INPUT DATA:
========

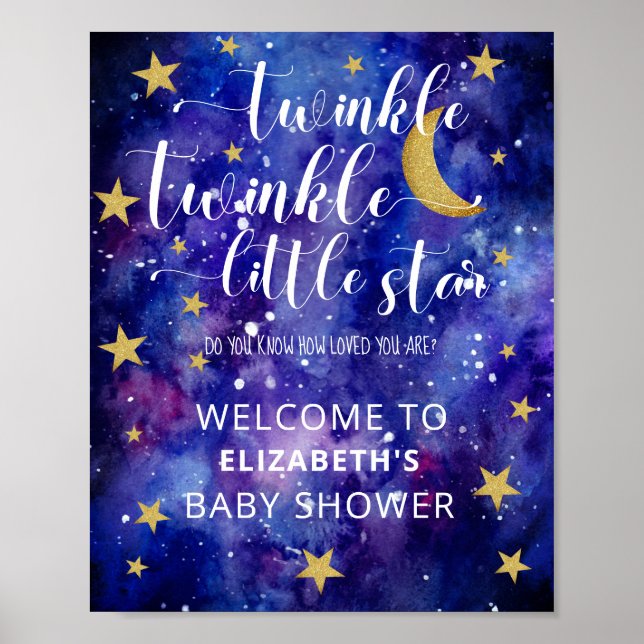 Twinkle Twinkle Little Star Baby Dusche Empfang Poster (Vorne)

========

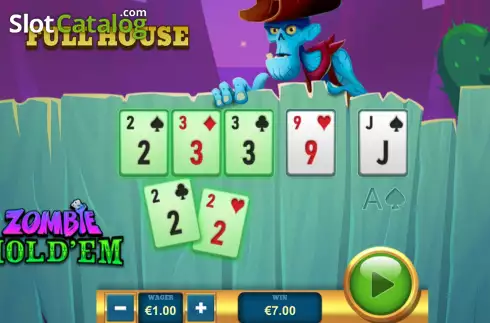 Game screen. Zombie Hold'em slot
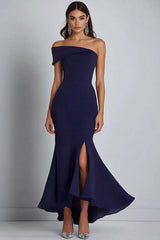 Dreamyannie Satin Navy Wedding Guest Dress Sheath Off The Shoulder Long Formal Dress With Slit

========

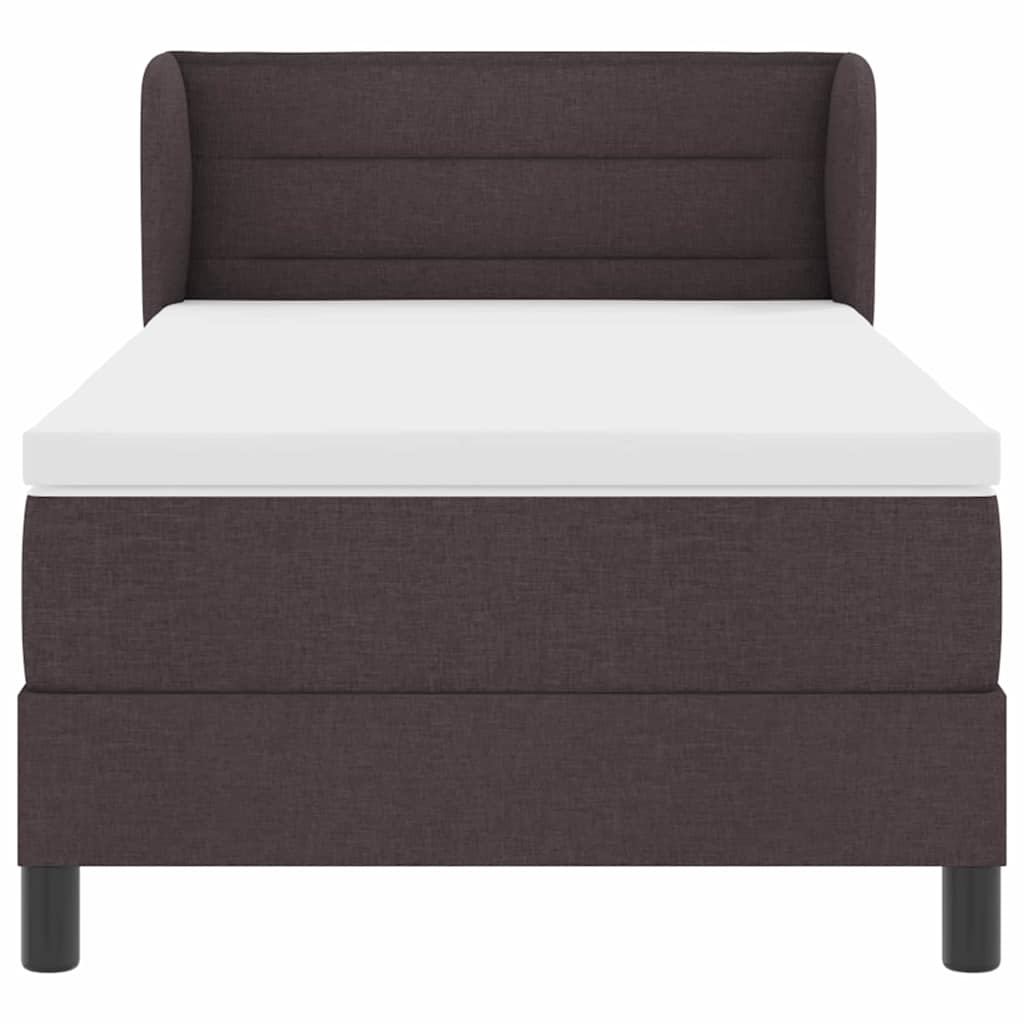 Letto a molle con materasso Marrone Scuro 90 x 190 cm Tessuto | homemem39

========

ASSIGNED TASK:
After locating "Game screen. Zombie Hold'em slot" and "Dreamyannie Satin Navy" in the records above, return exactly the line holding each one and every line between them; leave out the pictures.

EXERCISE RESPONSE:
 Game screen. Zombie Hold'em slot
 Dreamyannie Satin Navy Wedding Guest Dress Sheath Off The Shoulder Long Formal Dress With Slit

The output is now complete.